Records shown -

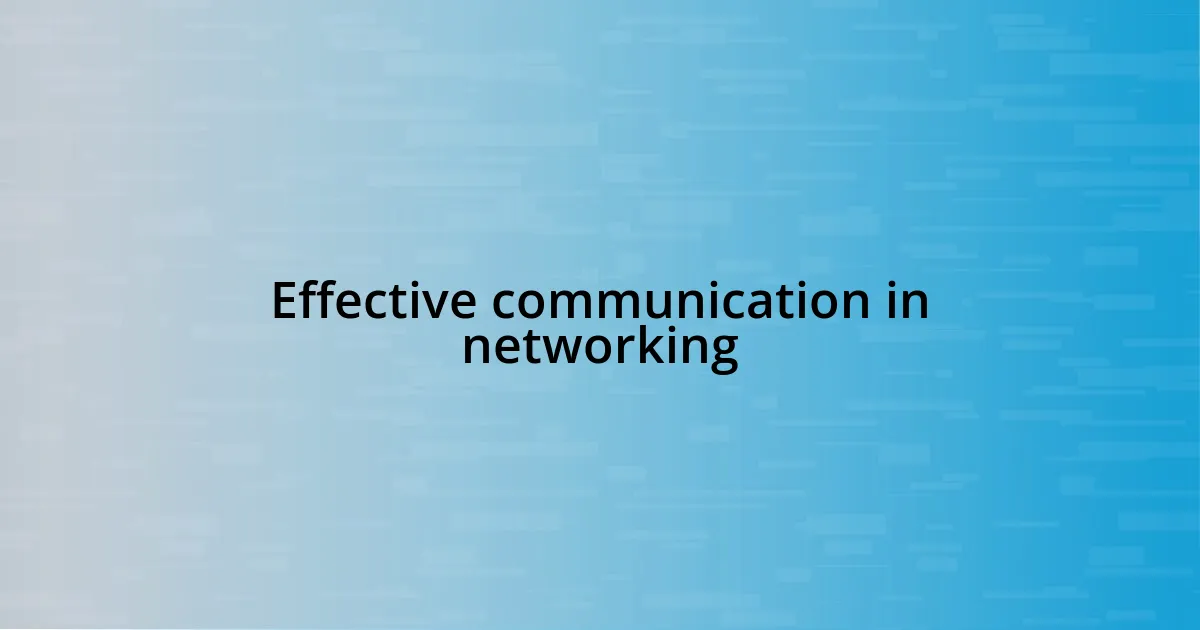 Effective communication in networking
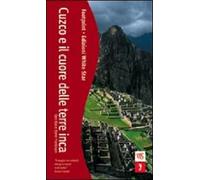 Cuzco e il cuore delle terre inca. Ediz. illustrata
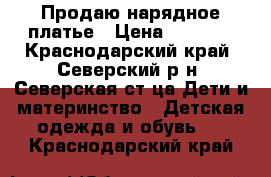 Продаю нарядное платье › Цена ­ 1 500 - Краснодарский край, Северский р-н, Северская ст-ца Дети и материнство » Детская одежда и обувь   . Краснодарский край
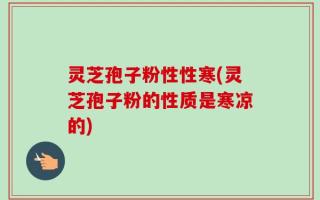 灵芝孢子粉性性寒(灵芝孢子粉的性质是寒凉的)
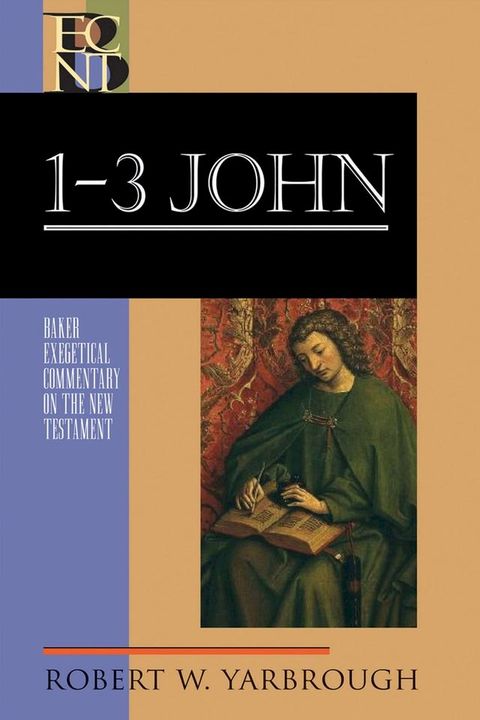 1-3 John (Baker Exegetical Commentary on the New Testament)(Kobo/電子書)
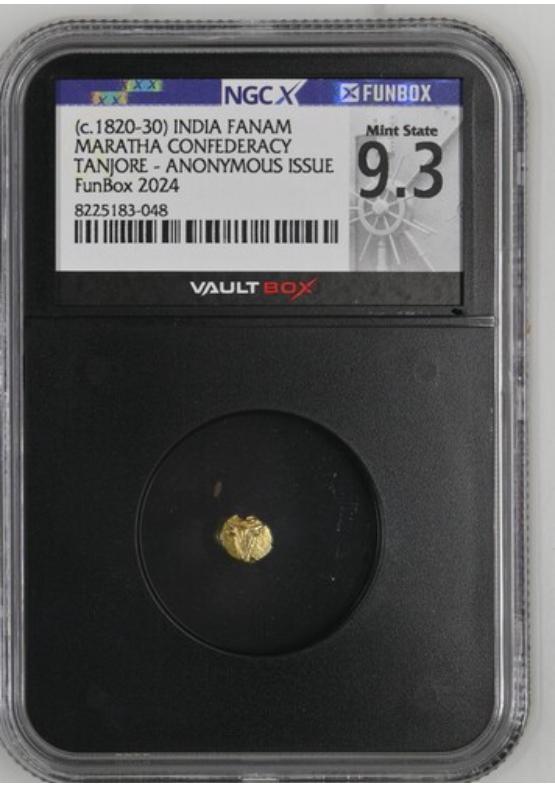 (C.1820-30) INDIA FANAM MARATHA CONFEDERACY TANJORE - ANONYMOUS ISSUE NGCX MINT STATE 9.3 Front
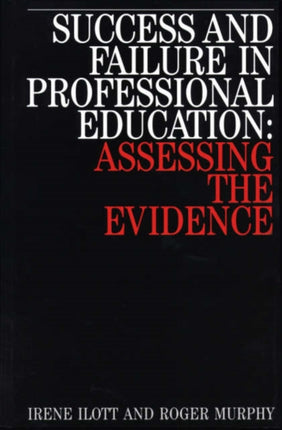 Success and Failure in Professional Education:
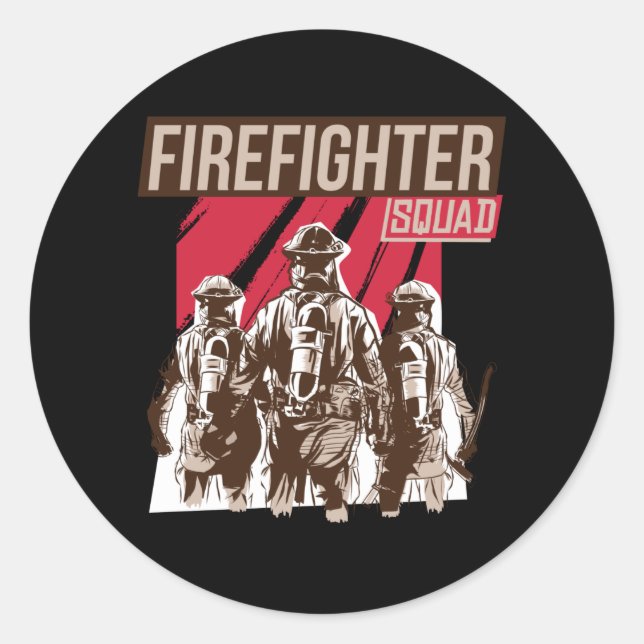 Proud Firefighter Squad Classic Round Sticker (Front)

Problem details - Set all of the records down once more, letter for letter, with the images removed.

Answer box -
 Effective communication in networking
 Cuzco e il cuore delle terre inca. Ediz. illustrata
 Продаю нарядное платье › Цена ­ 1 500 - Краснодарский край, Северский р-н, Северская ст-ца Дети и материнство » Детская одежда и обувь   . Краснодарский край
 灵芝孢子粉性性寒(灵芝孢子粉的性质是寒凉的)
 1-3 John (Baker Exegetical Commentary on the New Testament)(Kobo/電子書)
 (C.1820-30) INDIA FANAM MARATHA CONFEDERACY TANJORE - ANONYMOUS ISSUE NGCX MINT STATE 9.3 Front
 Success and Failure in Professional Education:
 Proud Firefighter Squad Classic Round Sticker (Front)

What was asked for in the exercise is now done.